April 14, 2019
Execution at the processor level
With each passing clock cycle, the processor executes a single microinstruction. These are strings whose bits drive the control lines of the CPU. We get a series of microinstructions by the translation of an instruction (frequently called machine code). The set of all available instructions for a processor is called the Instruction Set Architecture (ISA), which in a sense is the API of your computer’s processor.
source code -> instructions (now within processor) -> microinstructions (executed each clock cycle)
Statements in a program can be taken by a compiler and turned into machine code (instructions). The best example of this is C. Different processors, however, provide different Instruction Set Architectures. Does this mean we have to write a different compiler for each processor? (Yes, it does.) This is a problem as compiler’s do more and more work for the programmer.
We can solve this by keeping all the added features in our program executor the same, except for the processor. If we virtualize the processor, and provide an ISA specially designed for the execution of the language in question, we now have a component we can take in and out, as we move from one OS to another (presumably with different processors).
Virtualizing the processor
v8 hello.js (where
hello.js is your program)e.g.
v8 --print-bytecode hello.js (Because seeing the bytecode of Node’s runtime isn’t the best for education purposes).
When I say “virtualizing the processor”, what I mean is that we are executing the program in a virtual machine. We have some entity (either the JVM interpreter or the Ignition bytecode executor), that knows how to execute their version of bytecode. What we are using here is called a process virtual machine. This is in stark contrast to a system virtual machine, which has its own guest operating system (think VMWare). A process virtual machine is much lighter, and its sole purpose is executing a program. To be clear, it does further virtualize other things, such as memory, which means there exists a mapping. For simplicity, the mapping is just a direct mapping. Note that memory is already virtualized on the host OS; the memory blocks given to a process appear continuous, but are not guaranteed to be so. The most complicated thing we are abstracting away is the processor and it’s machine code.
In the JVM, for example, the interpreter takes a line of bytecode, and knows how to execute it without providing further translation into machine code.
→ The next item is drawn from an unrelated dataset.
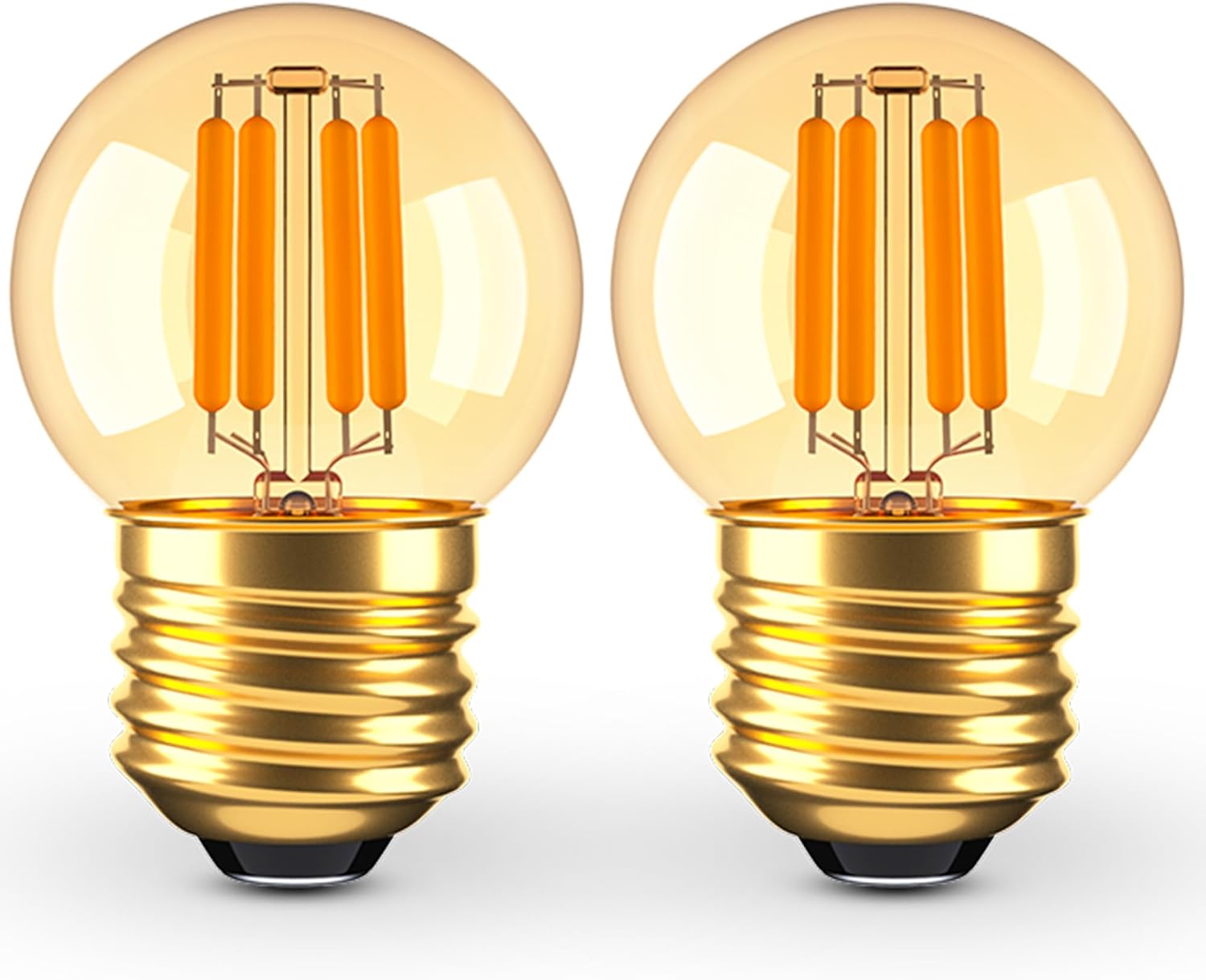 3 Watt Dimmable Low Wattage LED Bulbs Equivalent to 25 Watt Light Bulbs,E26 Standard Base G40 Small Globe Light Bulbs,2200K Warm Light for Bedroom Study Lighting,Amber Glass,110V,2PCS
In V8, the Ignition interpreter acts in a similar way. it takes a statement from the parsed AST, turns it into bytecode, and executes it by itself.
Let’s dive deeper into the details of the two.
How the JVM Executes Programs
Let’s say we have some Java source code. We use the Java compiler (javac) to turn it into bytecode (.class files). Then we feed it into the JVM.
The JVM takes it, and after some initialization steps (class loading, bytecode verifying, etc.), a statement of bytecode arrives at the interpreter, which executes it.
As execution continues, if some piece of code (e.g. a function) has been executed a certain number of times (i.e. it is “hot”), the JVM execution engine contains a JIT optimizing compiler which will turn it into machine code, allowing it to execute faster.
How the V8 Engine Executes Programs
Just like before, if we discover a hot function, we have an optimizing compiler to turn that into machine code. In V8, this entity is called TurboFan.
Going to steal Franziska Hinkelmann’s picture, from her great blog post on the topic.
Note – Above I talked about process virtual machines. V8 is pretty sparse on those kind of internal details, but I did read enough to convince myself that they use a process virtual machine. (See here, here, and here).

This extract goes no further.